Pull every line of the entries that has the word "Residential".

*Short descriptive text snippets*
........










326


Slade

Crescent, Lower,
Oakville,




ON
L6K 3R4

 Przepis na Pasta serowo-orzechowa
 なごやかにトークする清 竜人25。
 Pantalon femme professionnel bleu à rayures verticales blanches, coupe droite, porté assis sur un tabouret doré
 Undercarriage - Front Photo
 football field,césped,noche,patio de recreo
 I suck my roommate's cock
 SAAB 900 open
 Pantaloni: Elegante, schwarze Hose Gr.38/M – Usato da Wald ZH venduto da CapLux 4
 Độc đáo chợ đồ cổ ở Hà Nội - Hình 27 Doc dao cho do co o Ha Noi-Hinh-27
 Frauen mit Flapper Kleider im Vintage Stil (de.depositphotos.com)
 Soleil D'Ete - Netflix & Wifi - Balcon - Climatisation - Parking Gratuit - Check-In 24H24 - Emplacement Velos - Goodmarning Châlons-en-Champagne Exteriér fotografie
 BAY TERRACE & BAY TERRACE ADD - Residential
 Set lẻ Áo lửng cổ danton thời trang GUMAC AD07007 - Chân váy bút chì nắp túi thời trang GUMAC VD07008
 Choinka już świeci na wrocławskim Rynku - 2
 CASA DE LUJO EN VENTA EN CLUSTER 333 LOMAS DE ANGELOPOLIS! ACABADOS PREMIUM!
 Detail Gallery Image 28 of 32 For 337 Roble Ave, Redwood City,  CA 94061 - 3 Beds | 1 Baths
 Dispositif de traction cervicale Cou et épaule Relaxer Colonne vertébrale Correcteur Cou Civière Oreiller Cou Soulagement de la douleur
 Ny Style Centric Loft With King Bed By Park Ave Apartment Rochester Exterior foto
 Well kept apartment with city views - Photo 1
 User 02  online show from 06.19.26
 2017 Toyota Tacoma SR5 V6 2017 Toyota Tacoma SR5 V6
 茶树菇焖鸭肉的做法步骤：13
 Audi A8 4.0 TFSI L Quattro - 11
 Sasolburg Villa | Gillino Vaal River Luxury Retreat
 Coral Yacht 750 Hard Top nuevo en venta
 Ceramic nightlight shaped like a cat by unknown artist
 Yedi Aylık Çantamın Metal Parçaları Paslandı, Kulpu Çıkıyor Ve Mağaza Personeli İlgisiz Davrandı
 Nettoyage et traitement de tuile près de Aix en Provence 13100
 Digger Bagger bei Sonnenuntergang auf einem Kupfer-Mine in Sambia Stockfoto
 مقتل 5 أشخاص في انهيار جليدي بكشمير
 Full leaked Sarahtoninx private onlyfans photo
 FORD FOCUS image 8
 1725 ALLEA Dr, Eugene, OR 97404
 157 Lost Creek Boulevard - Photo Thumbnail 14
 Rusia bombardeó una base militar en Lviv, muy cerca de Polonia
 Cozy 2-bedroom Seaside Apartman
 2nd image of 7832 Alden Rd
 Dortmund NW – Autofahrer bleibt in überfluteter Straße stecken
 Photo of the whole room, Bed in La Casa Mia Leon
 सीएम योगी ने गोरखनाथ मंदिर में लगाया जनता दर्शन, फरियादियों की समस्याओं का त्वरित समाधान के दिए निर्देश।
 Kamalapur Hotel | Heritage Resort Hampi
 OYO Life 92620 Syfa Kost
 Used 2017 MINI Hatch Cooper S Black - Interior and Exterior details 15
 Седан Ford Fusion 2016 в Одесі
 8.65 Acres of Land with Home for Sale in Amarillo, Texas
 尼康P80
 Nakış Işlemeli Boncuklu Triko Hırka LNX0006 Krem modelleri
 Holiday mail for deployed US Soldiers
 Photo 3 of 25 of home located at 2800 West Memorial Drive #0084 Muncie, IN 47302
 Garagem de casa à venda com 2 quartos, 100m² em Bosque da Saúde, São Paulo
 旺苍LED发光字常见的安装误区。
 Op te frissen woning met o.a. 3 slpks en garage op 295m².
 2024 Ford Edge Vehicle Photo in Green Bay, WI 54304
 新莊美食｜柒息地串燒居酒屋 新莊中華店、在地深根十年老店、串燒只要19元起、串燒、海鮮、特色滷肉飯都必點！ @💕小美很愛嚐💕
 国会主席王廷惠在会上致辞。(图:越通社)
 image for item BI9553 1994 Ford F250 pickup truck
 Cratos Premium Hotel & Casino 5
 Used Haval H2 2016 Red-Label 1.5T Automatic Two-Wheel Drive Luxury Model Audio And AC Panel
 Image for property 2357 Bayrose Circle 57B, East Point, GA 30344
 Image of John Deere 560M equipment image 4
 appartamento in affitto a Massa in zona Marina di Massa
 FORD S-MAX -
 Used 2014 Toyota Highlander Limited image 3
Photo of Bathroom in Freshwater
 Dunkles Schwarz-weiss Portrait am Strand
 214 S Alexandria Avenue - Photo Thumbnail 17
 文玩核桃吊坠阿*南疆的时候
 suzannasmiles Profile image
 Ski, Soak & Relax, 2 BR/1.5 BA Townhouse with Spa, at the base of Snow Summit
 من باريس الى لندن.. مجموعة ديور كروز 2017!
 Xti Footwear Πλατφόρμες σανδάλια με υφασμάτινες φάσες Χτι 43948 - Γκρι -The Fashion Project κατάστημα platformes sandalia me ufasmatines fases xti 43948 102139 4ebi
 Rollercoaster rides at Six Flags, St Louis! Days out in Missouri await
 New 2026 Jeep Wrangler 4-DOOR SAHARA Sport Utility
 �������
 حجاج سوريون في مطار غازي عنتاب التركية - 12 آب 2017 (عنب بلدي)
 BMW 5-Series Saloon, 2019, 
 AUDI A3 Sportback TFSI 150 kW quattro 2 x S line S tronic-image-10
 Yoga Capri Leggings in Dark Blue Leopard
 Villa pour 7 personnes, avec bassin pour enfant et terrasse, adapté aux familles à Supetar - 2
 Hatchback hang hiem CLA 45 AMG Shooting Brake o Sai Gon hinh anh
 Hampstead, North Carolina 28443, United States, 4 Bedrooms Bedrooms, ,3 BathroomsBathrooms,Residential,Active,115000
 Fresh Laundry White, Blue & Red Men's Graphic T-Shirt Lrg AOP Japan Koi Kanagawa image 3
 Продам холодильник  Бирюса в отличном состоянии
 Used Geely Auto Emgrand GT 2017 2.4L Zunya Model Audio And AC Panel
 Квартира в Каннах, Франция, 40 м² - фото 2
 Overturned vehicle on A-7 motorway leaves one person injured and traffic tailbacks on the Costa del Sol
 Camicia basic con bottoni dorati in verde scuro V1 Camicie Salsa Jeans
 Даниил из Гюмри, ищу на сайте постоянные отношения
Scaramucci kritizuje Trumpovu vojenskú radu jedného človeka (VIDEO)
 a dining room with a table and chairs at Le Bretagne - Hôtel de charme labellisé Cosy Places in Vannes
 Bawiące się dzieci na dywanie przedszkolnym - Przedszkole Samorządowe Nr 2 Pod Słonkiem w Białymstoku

........

*Solution to this exercise*
 BAY TERRACE & BAY TERRACE ADD - Residential
 Hampstead, North Carolina 28443, United States, 4 Bedrooms Bedrooms, ,3 BathroomsBathrooms,Residential,Active,115000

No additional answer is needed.